[Start of Attachment]

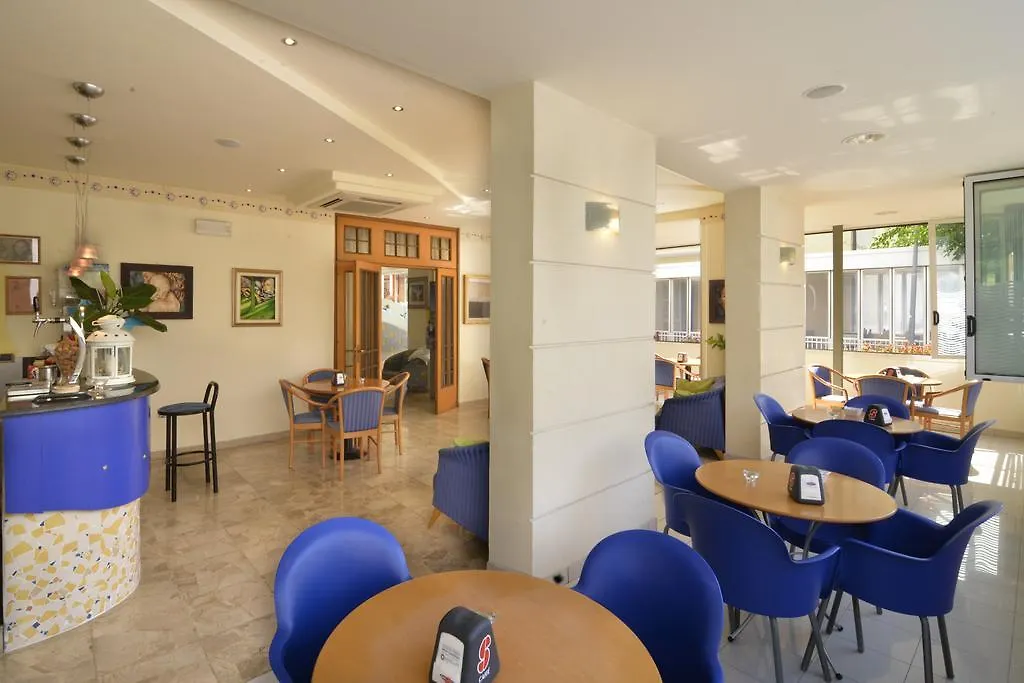 Hotel Ave Rimini Italy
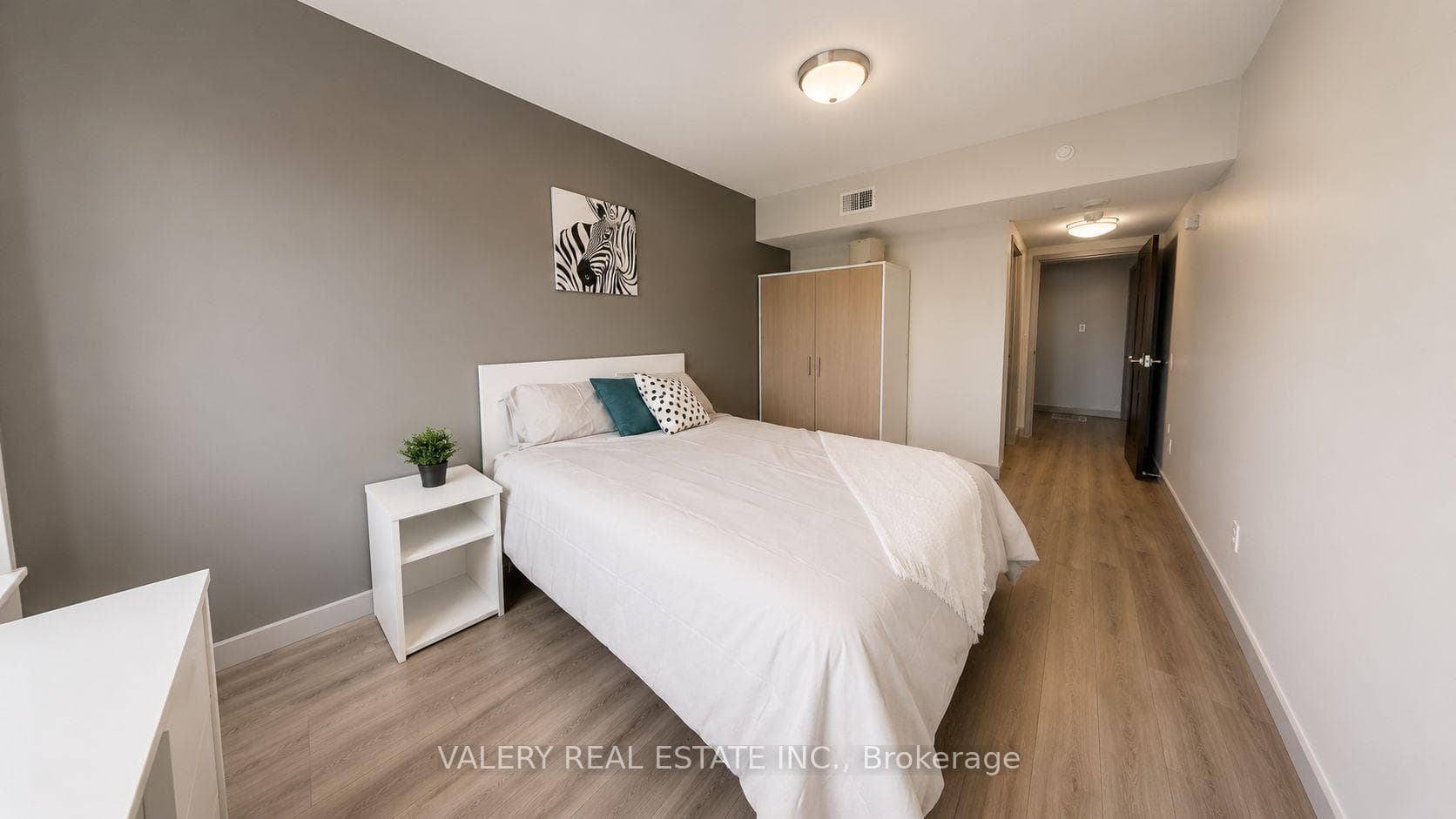 254 Phillip Street Unit 504 photo 11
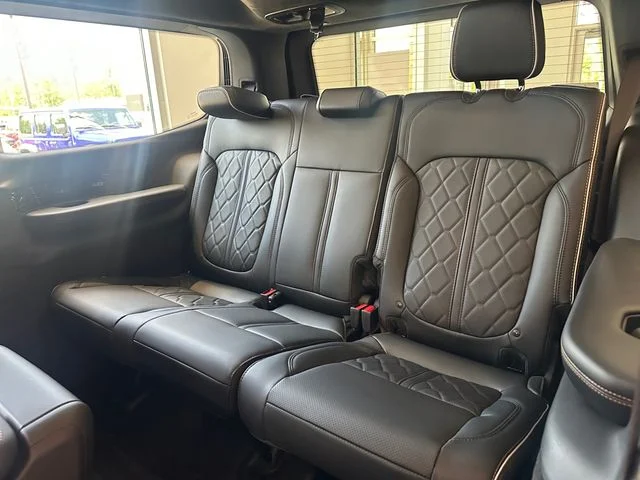 New 2026 High Gloss Black Exterior Paint Jeep Summit Reserve image 24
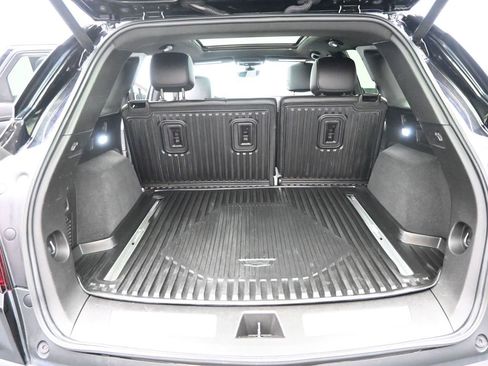 Used 2021 Cadillac XT5 Premium Luxury image 12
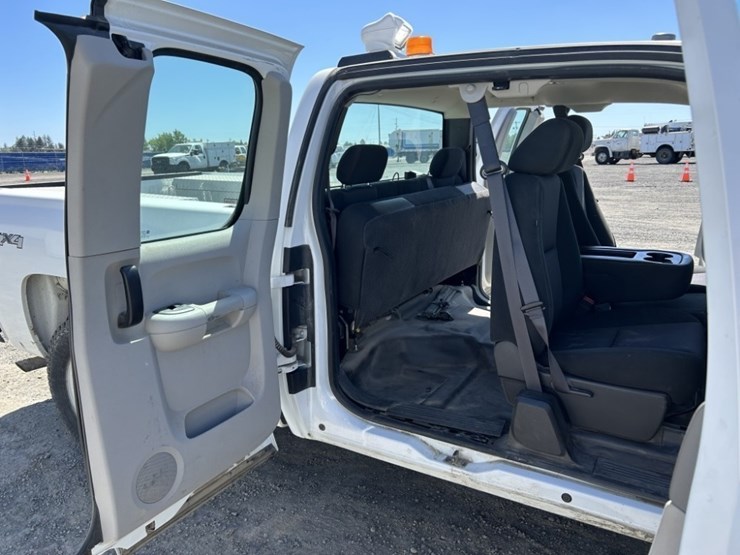 2013-chevrolet-silverado-1500-image-25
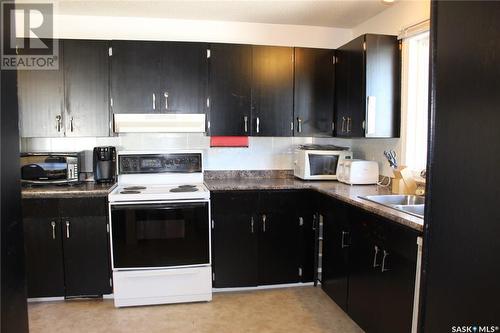537 4Th Street W, Shaunavon, SK - Indoor Photo Showing Kitchen With Double Sink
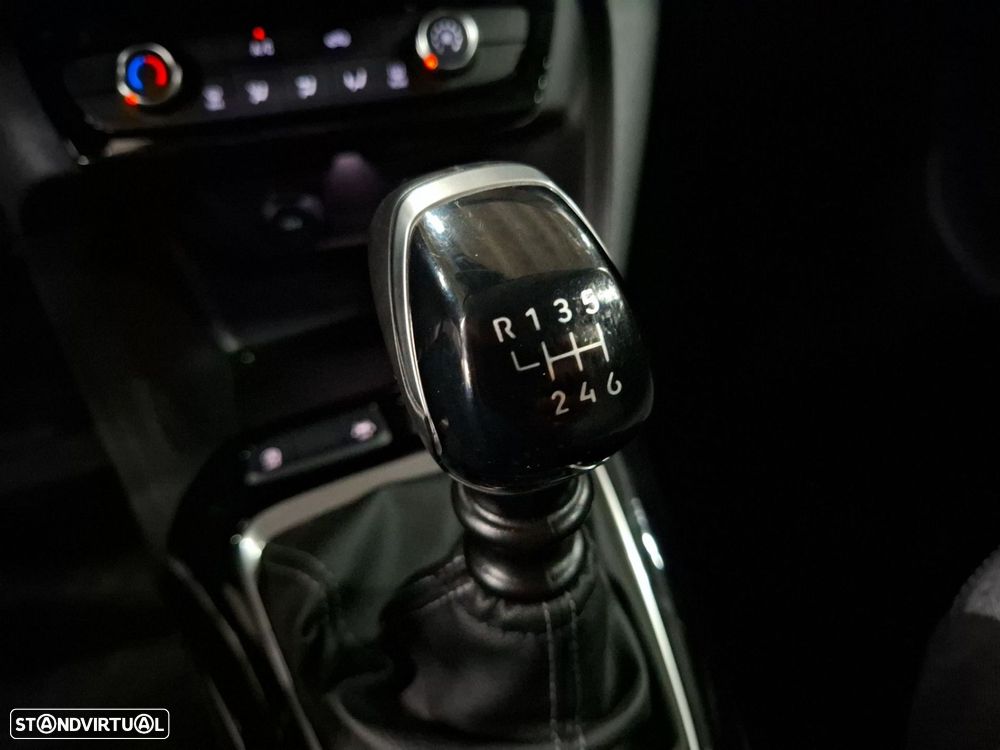 Opel Corsa 1.2 T Edition - 18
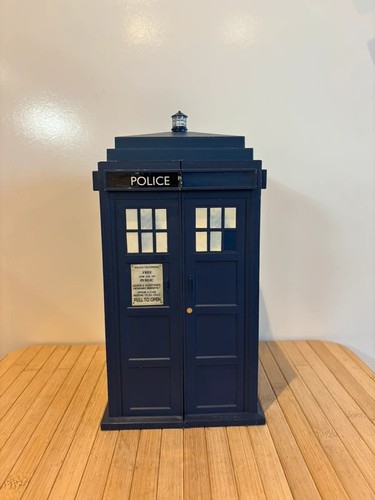 Vintage doctor who - doctor, in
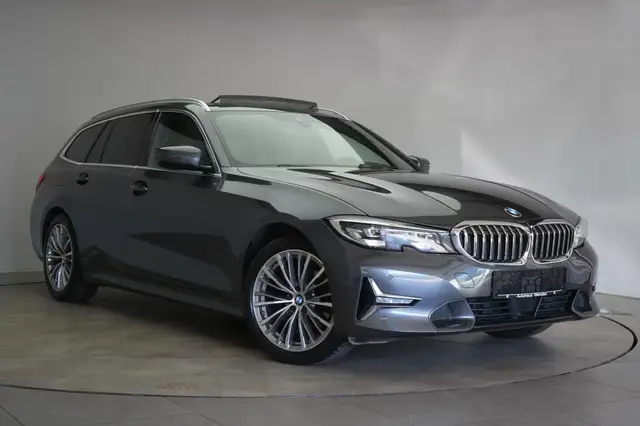 Bmw 320 d Touring Luxury Line Leder/ACC/Pano/Virtual
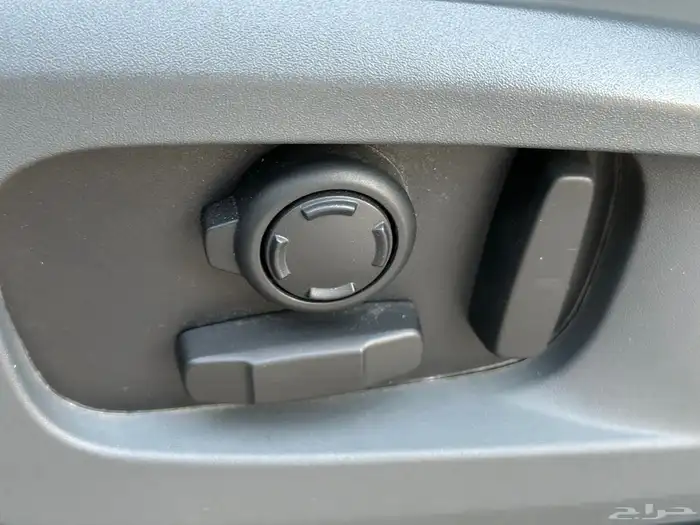 ديفندر 6 سلندر 2022 تحت الضمان HSE ( تم البيع ) 17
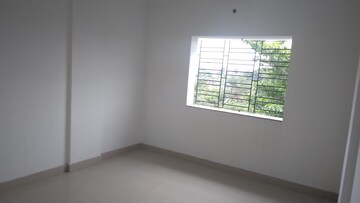 Room in 3 BHK Apartment at Keshtopur – for Sale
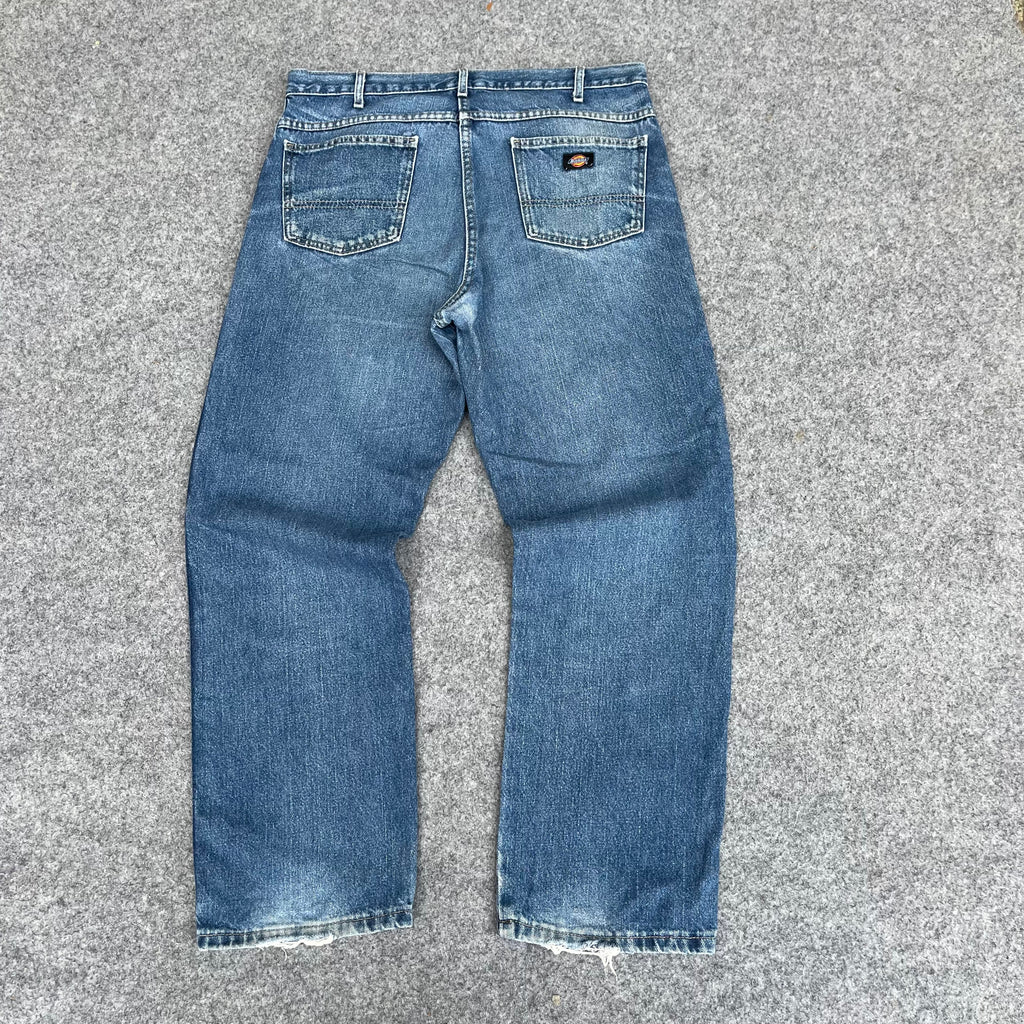 DICKIES (107)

[End of Attachment]

For this exercise, output the records exactly but omit their pictures.

 Hotel Ave Rimini Italy
 254 Phillip Street Unit 504 photo 11
 New 2026 High Gloss Black Exterior Paint Jeep Summit Reserve image 24
 Used 2021 Cadillac XT5 Premium Luxury image 12
 2013-chevrolet-silverado-1500-image-25
537 4Th Street W, Shaunavon, SK - Indoor Photo Showing Kitchen With Double Sink
 Opel Corsa 1.2 T Edition - 18
 Vintage doctor who - doctor, in
 Bmw 320 d Touring Luxury Line Leder/ACC/Pano/Virtual
 ديفندر 6 سلندر 2022 تحت الضمان HSE ( تم البيع ) 17
 Room in 3 BHK Apartment at Keshtopur – for Sale
 DICKIES (107)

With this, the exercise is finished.